[PATCH] qemu_agent: Issue guest-sync prior to every command

[Date Prev][Date Next][Thread Prev][Thread Next][Date Index][Thread Index]

 



If we issue guest command and GA is not running, the issuing thread
will block endlessly. We can check for GA presence by issuing
guest-sync with unique ID (timestamp). We don't want to issue real
command as even if GA is not running, once it is started, it process
all commands written to GA socket.

If we receive reply, it might be from a previous sync command, so
we need to compare received ID for equality with the given one.
---

Some background on this:
-GA socked is always writeable, even with no GA running (!)

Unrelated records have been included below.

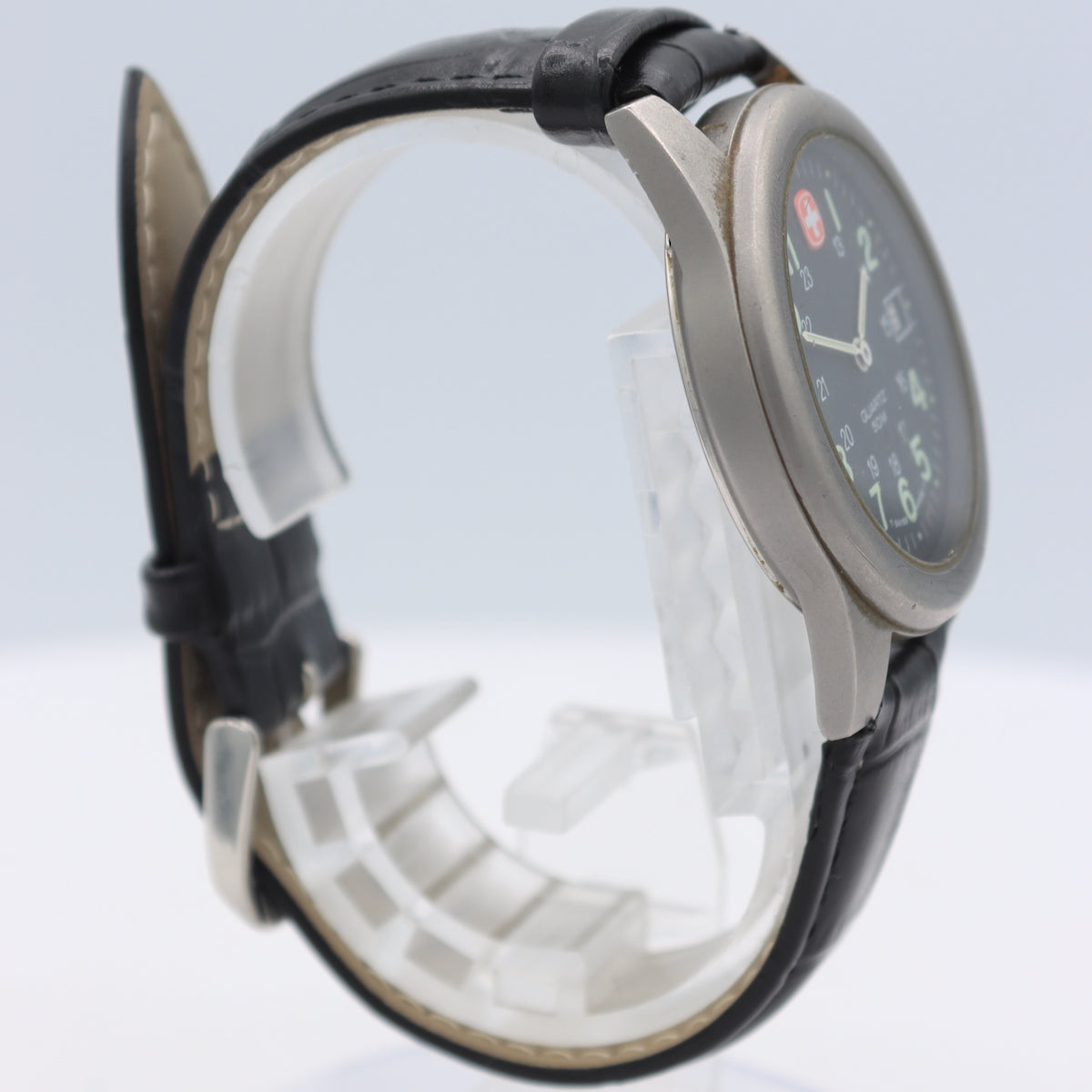 Wenger Sak Design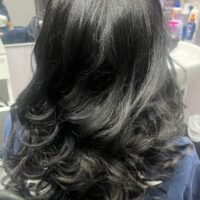 Hair-from-Back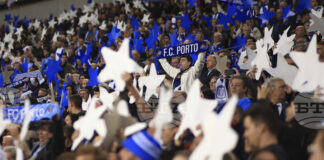 Младият български вратар Антони Николов премина в португалския гранд Порто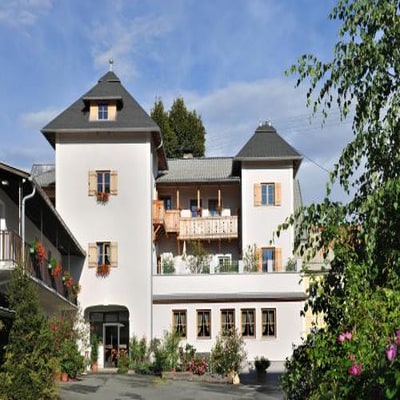 Mitschighof - Apartments und Pension - Heidis-Welt, Mitschig photo 5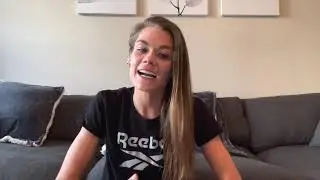 Hydration for Runners with Reebok Runner, Josette Norris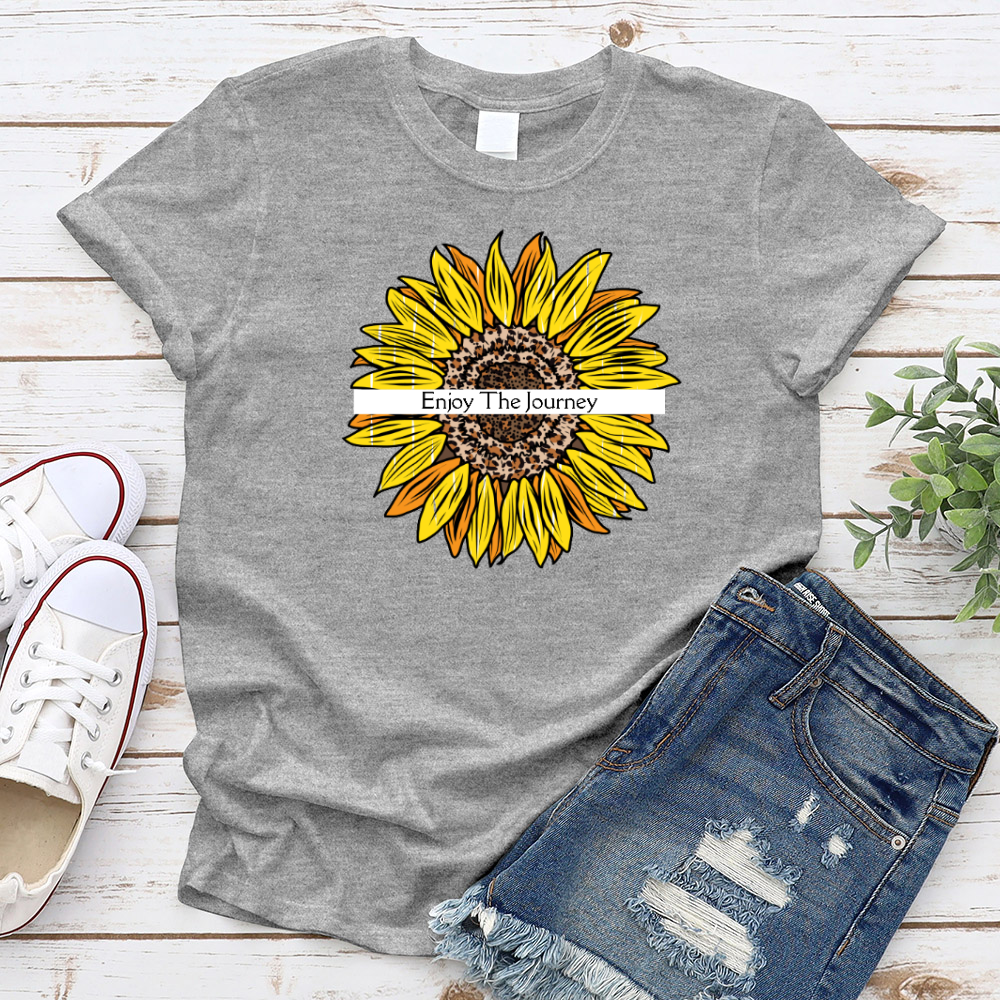 Enjoy The Journey T-Shirt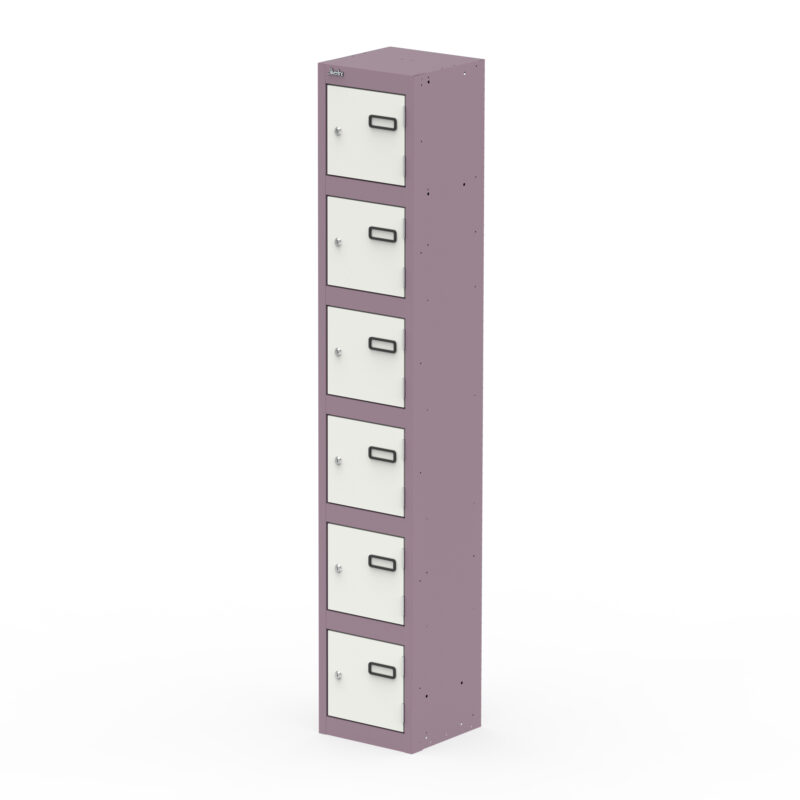 Plumb Locker 1800mm High - Image 100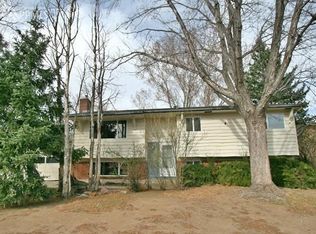 4635 Bella Dr, Colorado Springs, CO 80918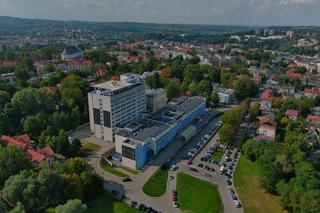 Szpital Śląski w Cieszynie bez pediatrii. Brakuje lekarzy
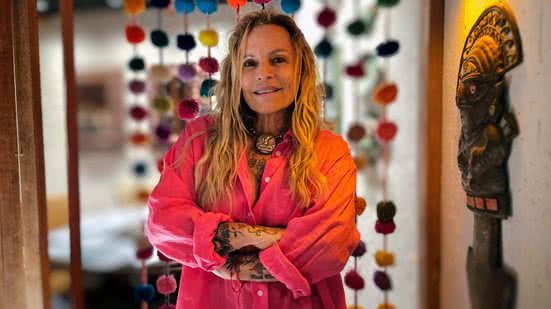 Imagem Onde a chef Simone Bert come?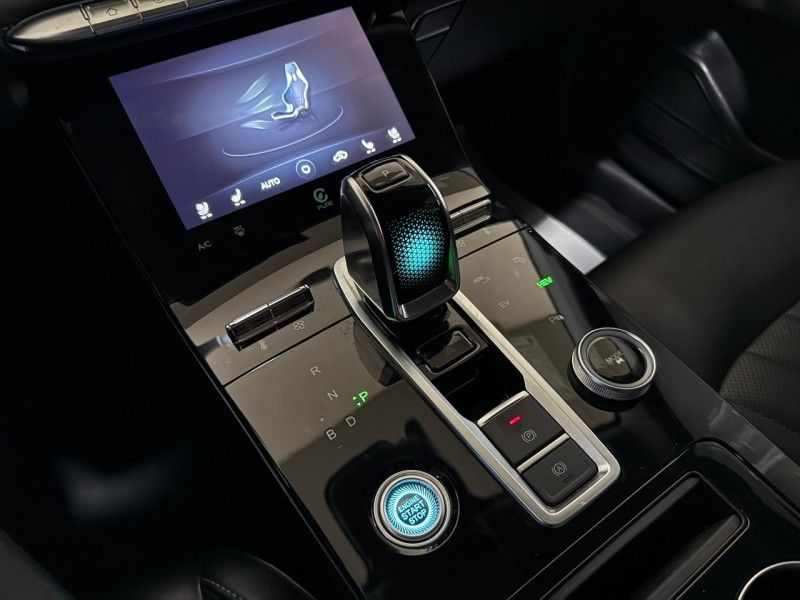 CHERY TIGGO 1.5 TCI 8 PRO HYBRID 2022/2023 SUL SERRA MOTORS CAXIAS DO SUL / Carros no Vale CHERY TIGGO 1.5 TCI 8 PRO HYBRID 2022/2023 SUL SERRA MOTORS CAXIAS DO SUL / Carros no Vale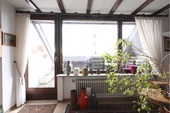 zur Dachterrasse - 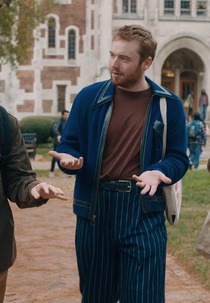 Poetic License (Poetic License)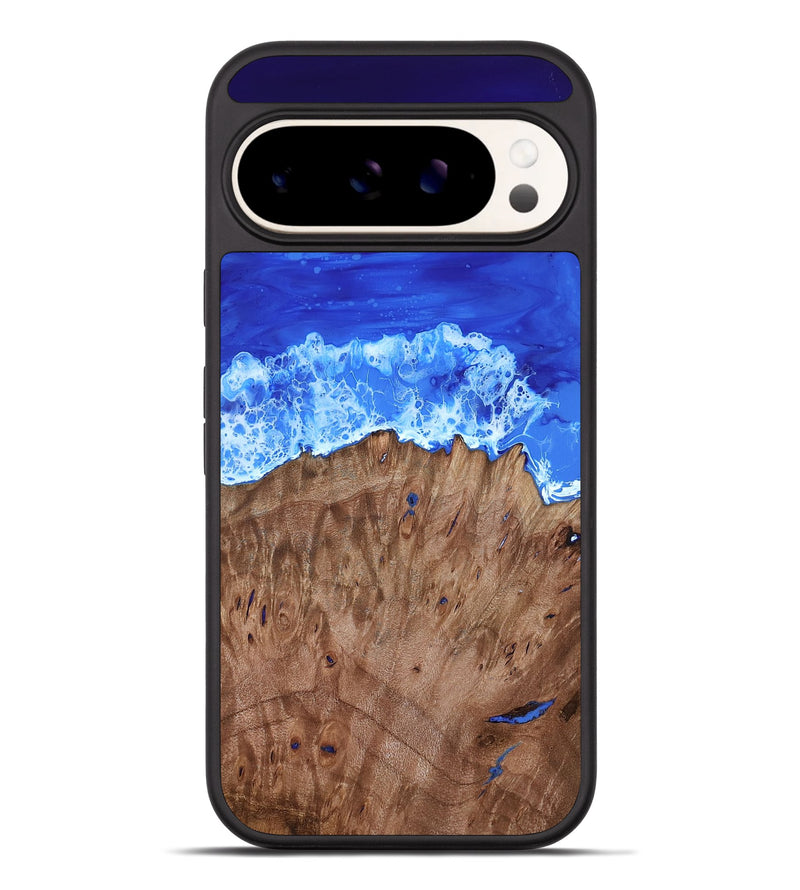 Pixel 9 Pro XL Wood Phone Case - Dayami (Coastal, 818280)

-writing something to dead socket (=without any GA listening) will thus
 succeed. However, when one will (after a period of time) start the GA,
 it will read and process all written data. This makes timeout
 implementation harder.

-Therefore issuing a GA command without any GA running will block indefinitely.

My solution to this is: Issue harmless guest-sync command which returns
given identifier. To avoid blocking, do a timed wait (5 seconds).
This is the only case where we do a timed wait, regular GA commands
will of course wait without any timeout.
If GA didn't reply within those 5 seconds, we store an ID so we can compare
it later and report 'GA unavailable'; Note that guest won't get into
a different state as libvirt thinks it is in.
Then, if GA is ever started, it start to process our sync commands.
And all we have to do is check if we have ever issued such ID.
If not an error is reported.

However, there is still race:
1) GA will reply to our guest-sync
2) GA gets terminated
3) we issue regular command (e.g. fs-freeze)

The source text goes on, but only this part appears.